WHAT IS NEEDED. Starting at the line with "And Tavern Leo بيت ضيافة", repeat every line exactly until the records end, including the last one.

THE DATA.
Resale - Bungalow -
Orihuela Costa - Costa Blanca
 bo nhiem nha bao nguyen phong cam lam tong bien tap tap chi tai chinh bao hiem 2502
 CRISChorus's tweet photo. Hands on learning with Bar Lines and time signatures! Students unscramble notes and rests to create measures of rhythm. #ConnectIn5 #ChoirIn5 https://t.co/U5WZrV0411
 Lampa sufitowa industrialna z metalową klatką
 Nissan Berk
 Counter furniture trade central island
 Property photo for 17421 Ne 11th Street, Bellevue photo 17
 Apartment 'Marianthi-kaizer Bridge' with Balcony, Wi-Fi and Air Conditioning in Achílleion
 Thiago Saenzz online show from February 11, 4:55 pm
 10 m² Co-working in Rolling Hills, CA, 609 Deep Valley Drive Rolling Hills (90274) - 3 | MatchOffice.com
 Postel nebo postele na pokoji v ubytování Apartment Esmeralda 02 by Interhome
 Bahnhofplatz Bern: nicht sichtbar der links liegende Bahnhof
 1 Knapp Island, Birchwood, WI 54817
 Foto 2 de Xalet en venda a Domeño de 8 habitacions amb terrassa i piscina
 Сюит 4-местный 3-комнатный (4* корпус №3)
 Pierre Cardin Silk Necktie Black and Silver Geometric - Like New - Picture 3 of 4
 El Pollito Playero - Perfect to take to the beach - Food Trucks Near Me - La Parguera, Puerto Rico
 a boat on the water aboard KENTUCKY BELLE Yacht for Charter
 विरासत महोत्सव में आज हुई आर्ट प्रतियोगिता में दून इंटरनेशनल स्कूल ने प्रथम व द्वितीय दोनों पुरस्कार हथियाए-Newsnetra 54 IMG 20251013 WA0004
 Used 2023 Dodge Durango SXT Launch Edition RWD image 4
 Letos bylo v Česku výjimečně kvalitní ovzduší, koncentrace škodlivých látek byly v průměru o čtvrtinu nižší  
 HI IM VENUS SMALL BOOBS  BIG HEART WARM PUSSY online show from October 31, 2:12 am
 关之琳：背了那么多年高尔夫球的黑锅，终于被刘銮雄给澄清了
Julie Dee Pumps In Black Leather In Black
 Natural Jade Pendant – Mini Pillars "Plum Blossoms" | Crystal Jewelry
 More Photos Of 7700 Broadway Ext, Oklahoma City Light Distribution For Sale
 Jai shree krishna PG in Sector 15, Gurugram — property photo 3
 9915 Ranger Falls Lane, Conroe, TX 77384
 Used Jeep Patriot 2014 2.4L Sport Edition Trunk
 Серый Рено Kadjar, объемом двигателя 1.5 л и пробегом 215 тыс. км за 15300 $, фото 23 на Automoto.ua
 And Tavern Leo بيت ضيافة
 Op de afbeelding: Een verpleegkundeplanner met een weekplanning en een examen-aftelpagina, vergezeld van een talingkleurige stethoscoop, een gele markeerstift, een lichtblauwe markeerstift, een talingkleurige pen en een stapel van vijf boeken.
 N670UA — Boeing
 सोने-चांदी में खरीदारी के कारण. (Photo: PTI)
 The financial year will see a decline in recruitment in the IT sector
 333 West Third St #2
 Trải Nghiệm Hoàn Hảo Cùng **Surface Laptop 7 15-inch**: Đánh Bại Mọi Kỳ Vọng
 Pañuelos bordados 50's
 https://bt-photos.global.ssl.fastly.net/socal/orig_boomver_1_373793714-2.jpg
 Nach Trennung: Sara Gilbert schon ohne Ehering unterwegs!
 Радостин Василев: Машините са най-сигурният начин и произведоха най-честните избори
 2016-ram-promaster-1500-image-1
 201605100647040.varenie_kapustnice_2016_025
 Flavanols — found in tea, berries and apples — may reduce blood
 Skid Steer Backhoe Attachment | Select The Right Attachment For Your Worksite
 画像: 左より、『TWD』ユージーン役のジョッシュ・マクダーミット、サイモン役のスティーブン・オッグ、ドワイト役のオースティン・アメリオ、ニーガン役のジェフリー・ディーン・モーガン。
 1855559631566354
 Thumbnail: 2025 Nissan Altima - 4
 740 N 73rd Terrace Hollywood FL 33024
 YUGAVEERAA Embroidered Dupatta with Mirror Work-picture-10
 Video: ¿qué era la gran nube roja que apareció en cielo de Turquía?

ANSWER TO THE PROBLEM.
 And Tavern Leo بيت ضيافة
 Op de afbeelding: Een verpleegkundeplanner met een weekplanning en een examen-aftelpagina, vergezeld van een talingkleurige stethoscoop, een gele markeerstift, een lichtblauwe markeerstift, een talingkleurige pen en een stapel van vijf boeken.
 N670UA — Boeing
 सोने-चांदी में खरीदारी के कारण. (Photo: PTI)
 The financial year will see a decline in recruitment in the IT sector
 333 West Third St #2
 Trải Nghiệm Hoàn Hảo Cùng **Surface Laptop 7 15-inch**: Đánh Bại Mọi Kỳ Vọng
 Pañuelos bordados 50's
 https://bt-photos.global.ssl.fastly.net/socal/orig_boomver_1_373793714-2.jpg
 Nach Trennung: Sara Gilbert schon ohne Ehering unterwegs!
 Радостин Василев: Машините са най-сигурният начин и произведоха най-честните избори
 2016-ram-promaster-1500-image-1
 201605100647040.varenie_kapustnice_2016_025
 Flavanols — found in tea, berries and apples — may reduce blood
 Skid Steer Backhoe Attachment | Select The Right Attachment For Your Worksite
 画像: 左より、『TWD』ユージーン役のジョッシュ・マクダーミット、サイモン役のスティーブン・オッグ、ドワイト役のオースティン・アメリオ、ニーガン役のジェフリー・ディーン・モーガン。
 1855559631566354
 Thumbnail: 2025 Nissan Altima - 4
 740 N 73rd Terrace Hollywood FL 33024
 YUGAVEERAA Embroidered Dupatta with Mirror Work-picture-10
 Video: ¿qué era la gran nube roja que apareció en cielo de Turquía?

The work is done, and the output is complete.